(Short web captions)
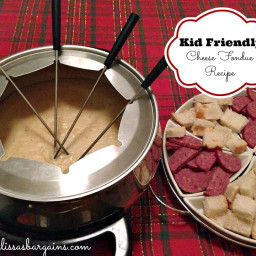 Kid Friendly Cheese Fondue Recipe!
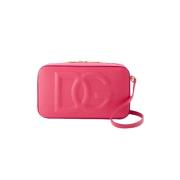 Rosa skinn Dolce & Gabbana Crossbody Bag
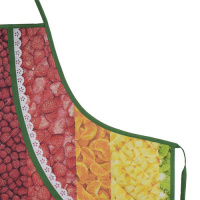 Avental De Cozinha Matelado 79cm X 72cm Grande Estampado Tecido Misto - Salada De Frutas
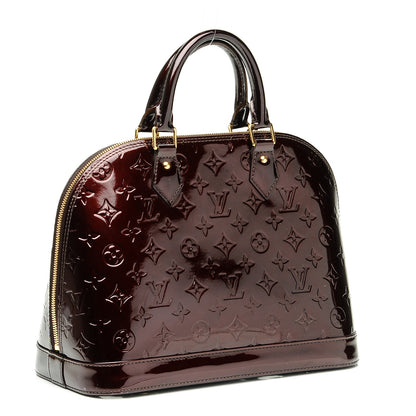 Louis Vuitton Vernis Alma PM Amarante 3 of 7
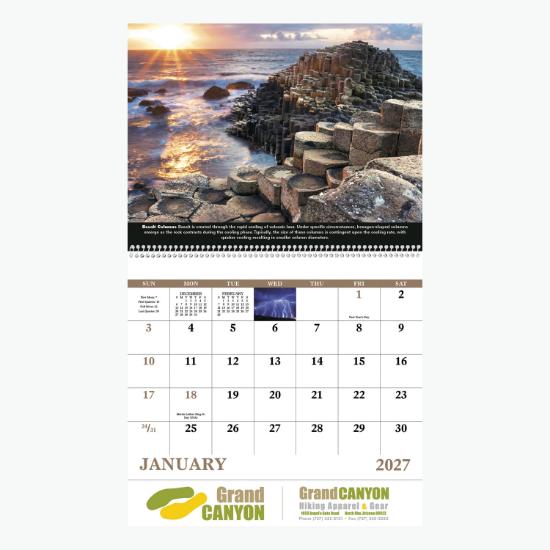 The Power of Nature Wall Calendar - Spiral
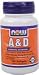   - A and D by NOW Foods - Vitamins (400 IU - 100 Softgels)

• _Task prompt_: When you repeat the data, keep every line exact and drop the images.

• _Answer for this exercise_:
 Kid Friendly Cheese Fondue Recipe!
 Rosa skinn Dolce & Gabbana Crossbody Bag
 Avental De Cozinha Matelado 79cm X 72cm Grande Estampado Tecido Misto - Salada De Frutas
 Louis Vuitton Vernis Alma PM Amarante 3 of 7
 The Power of Nature Wall Calendar - Spiral
   - A and D by NOW Foods - Vitamins (400 IU - 100 Softgels)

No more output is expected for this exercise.